Le Passé
Durée 4h20 (2h20 / entracte / 1h30 ; spectacle surtitré en anglais)
Infos & réservation
Thème
- Créé au théâtre national de Strasbourg en 2021 et inspiré de la pièce de Léonid Andréiev, écrite en 1912, avec l’ambition d’un « nouveau drame pour un nouveau théâtre », ce spectacle met en scène la dérive d’une femme Ekaterina Ivanovna qui parvient à s’échapper, alors que son mari, député à la Douma, veut la tuer parce qu’il est convaincu de sa trahison.
- Choquée, elle devient ce qu’il lui reprochait d’être : une femme infidèle, amorale sans retenue ni limite.
Points forts
Une mise en scène esthétisante, dynamique et éblouissante, pleine d’innovations scéniquess et technique, portée par un texte puissant et fluide, captivant.
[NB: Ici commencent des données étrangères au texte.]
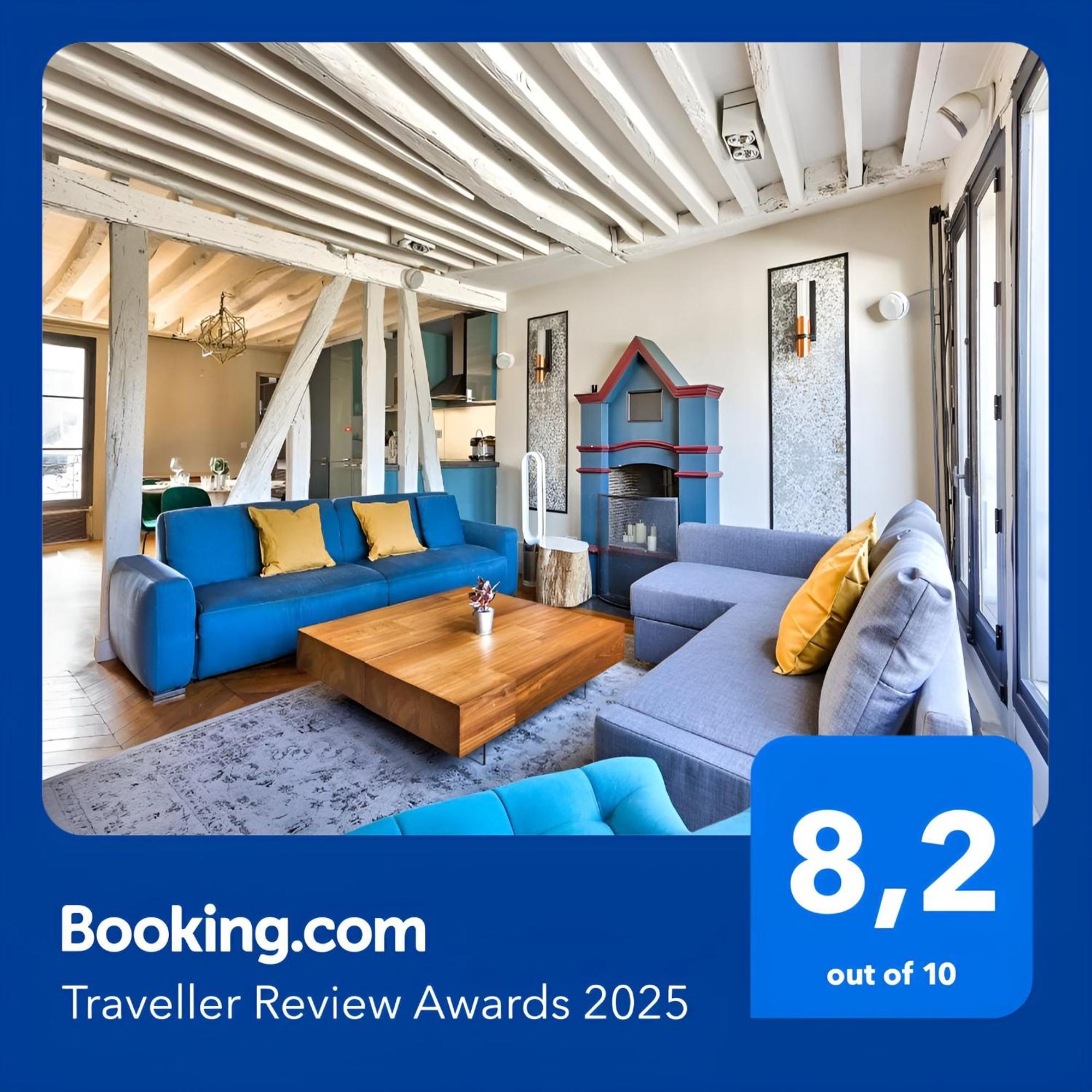 Le Marais Superb Apartment Terrace Paris Free Netflix Exterior photo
Des comédiens à forte présence, en particulier Victoria Quesnel dans le rôle principal d’Ekaterina Ivanovna, qui évoluent dans une étrange atmosphère où le normal et l’anormal alternent curieusement.
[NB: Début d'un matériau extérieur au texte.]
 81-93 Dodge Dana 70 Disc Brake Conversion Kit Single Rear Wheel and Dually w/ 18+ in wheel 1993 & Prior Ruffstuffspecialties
Les caméras derrière la scène démultiplient l’espace scénique et les points de vue.
Quelques réserves
Un dispositif un peu répétitif de “scène derrière la scène“ relayé par des vidéos mêlant les genres si bien que ce qui est étonnant au départ devient lassant, voire disproportionné.
La transposition des codes moraux du début du XIXe siècle peine à convaincre aujourd’hui, de même que les notions de “péché“ ou de “débauche“.
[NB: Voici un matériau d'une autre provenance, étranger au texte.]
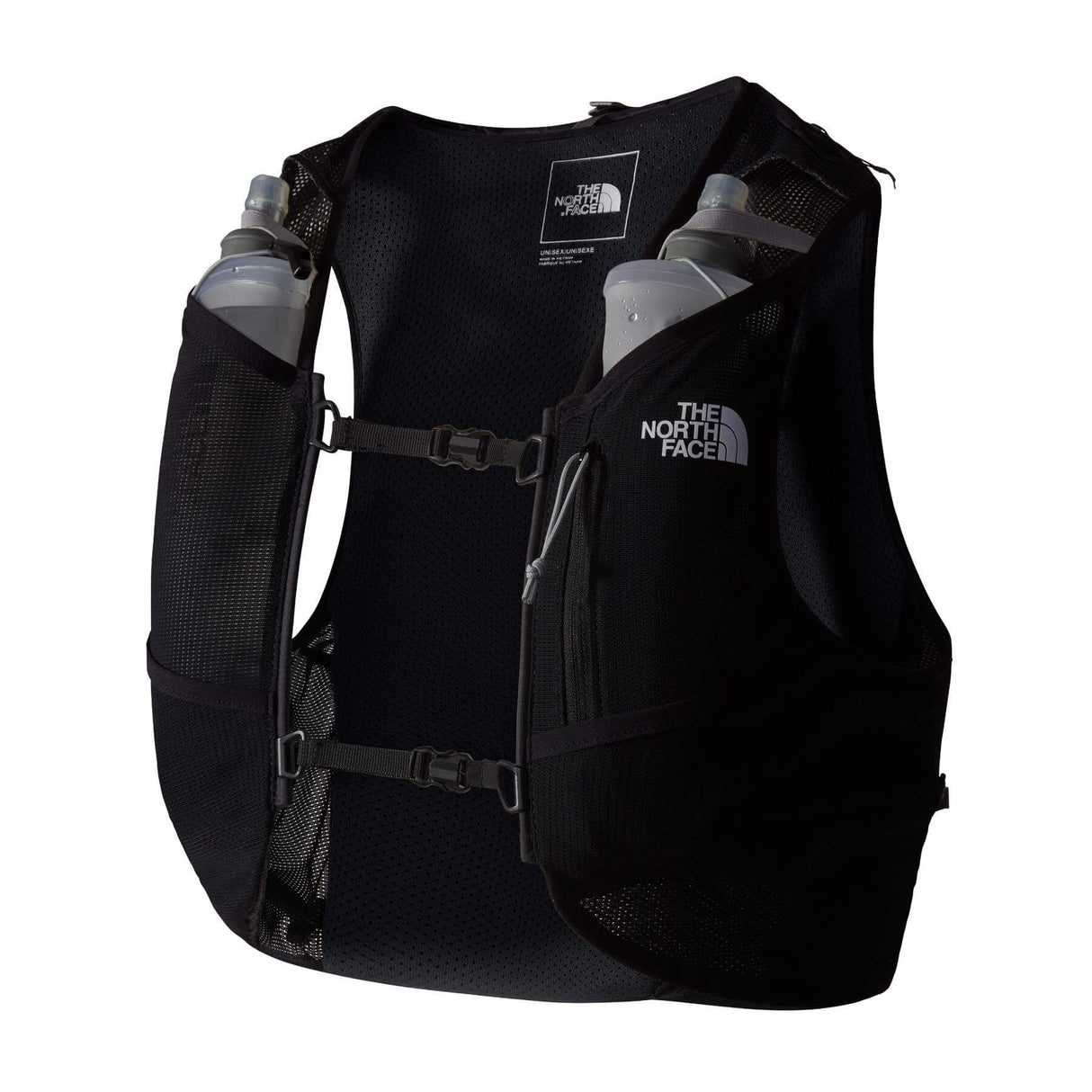 The North Face Sunriser Run Vest 8 TNF Black/TNF White / X-Small-TNF Black/TNF White / Small-TNF Black/TNF White / Medium-TNF Black/TNF White / Large-TNF Black/TNF White / X-Large - 53 Degrees North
Le jeu, exclusivement centré sur la possession diabolique, dans laquelle s’enchâsse un autre récit avec des comédiens masqués, parasite et détourne le récit principal.
Rappelons que des scènes peuvent heurter la sensibilité de certains spectateurs.
Encore un mot...
La femme adultère des existences bourgeoises, “à la Tchekhov“, constitue un thème de prédilection pour le théâtre européen. Lorsque le drame prend une dimension psychologique et menace d’anarchie le foyer, seule la lecture religieuse donne son sens à la « débauche » - œuvre du diable - puis à la libération en vertu de la vision orthodoxe, où le péché et le pardon doivent ouvrir le chemin de la rédemption.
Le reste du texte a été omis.